Ocho primos
Ocho primos A Rosa le agradaba leer en voz alta, y con gran alegría le hizo escuchar el capítulo de «Nicolás Nickleby» en que las señoritas Kengwigs toman su lección de francés; realizó el mayor esfuerzo posible, consciente de que el tío le buscaría fallas y deseosa de causar buena impresión en esto como en todo lo demás.
—¿Sigo, señor? —preguntó mansamente después que concluyó el capítulo.
—Si no estás cansada, sí; es un placer escucharte, porque lees admirablemente bien —fue la respuesta, de la cual no pudo menos de sentirse orgullosa y halagada.
—¿Lo cree de veras, tío? ¡Que contenta estoy! Papá me enseñó, y solía leerle horas enteras; pero pensé que tal vez a él le gustaba porque me quería mucho.
—También yo te quiero; pero lees extraordinariamente bien, y me satisface mucho que así sea, pues es condición muy rara y que aprecio en cuanto vale.

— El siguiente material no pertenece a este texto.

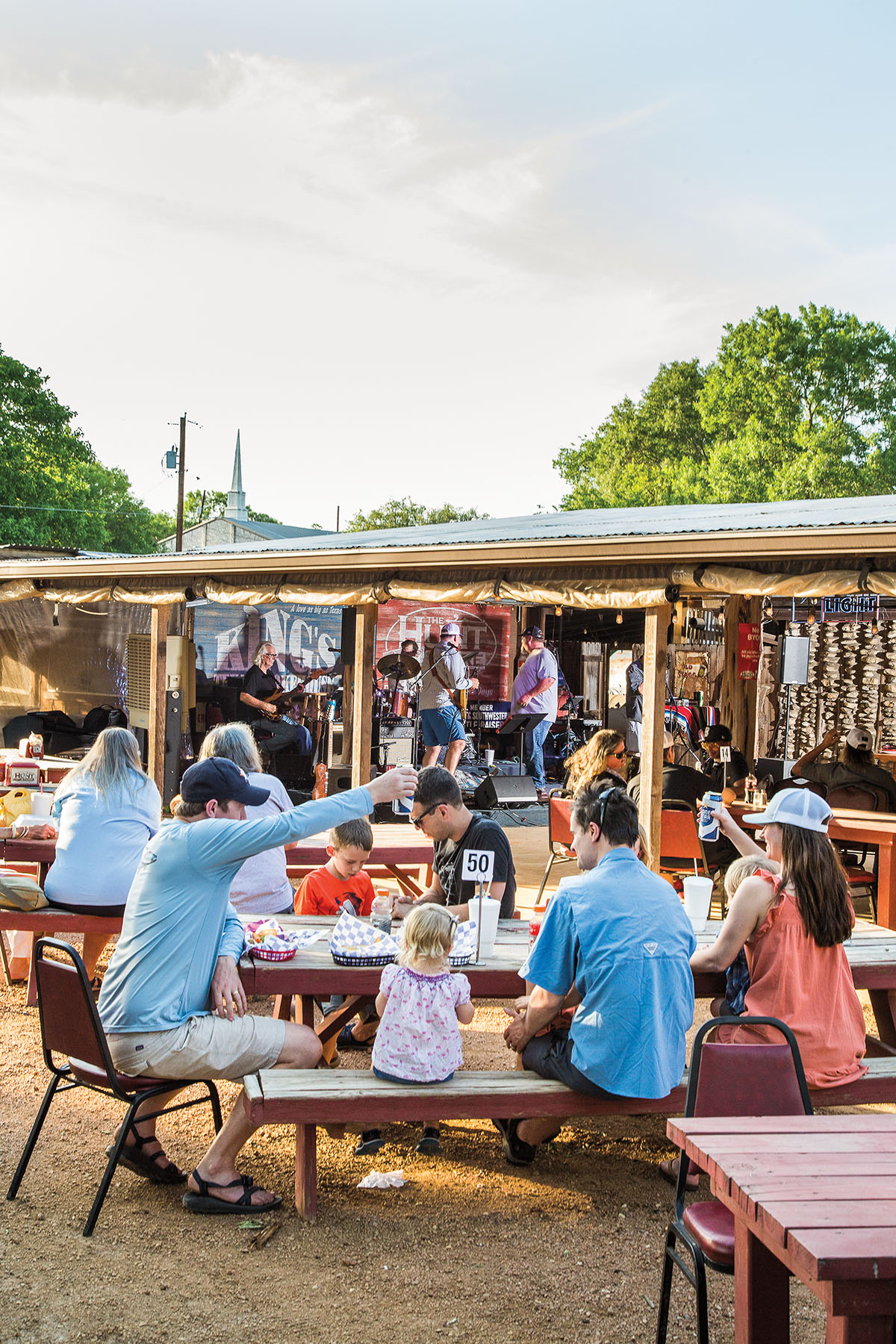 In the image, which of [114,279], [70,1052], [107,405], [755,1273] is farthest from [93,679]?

Ven aquí a esta sillita baja; hay mejor luz, y puedo darte unos tironcitos de cabellos cuando corras demasiado. Ya veo que tu tío encontrará en ti un gran consuelo y un motivo de orgullo cuando sea muy viejo.
El doctor Alec la acercó hacia sí y su mirada y el tono de su voz fueron tan paternales que tuvo la sensación de que sería facilísimo amarlo y obedecerlo, ya que con tanta habilidad mezclaba reproches y alabanzas.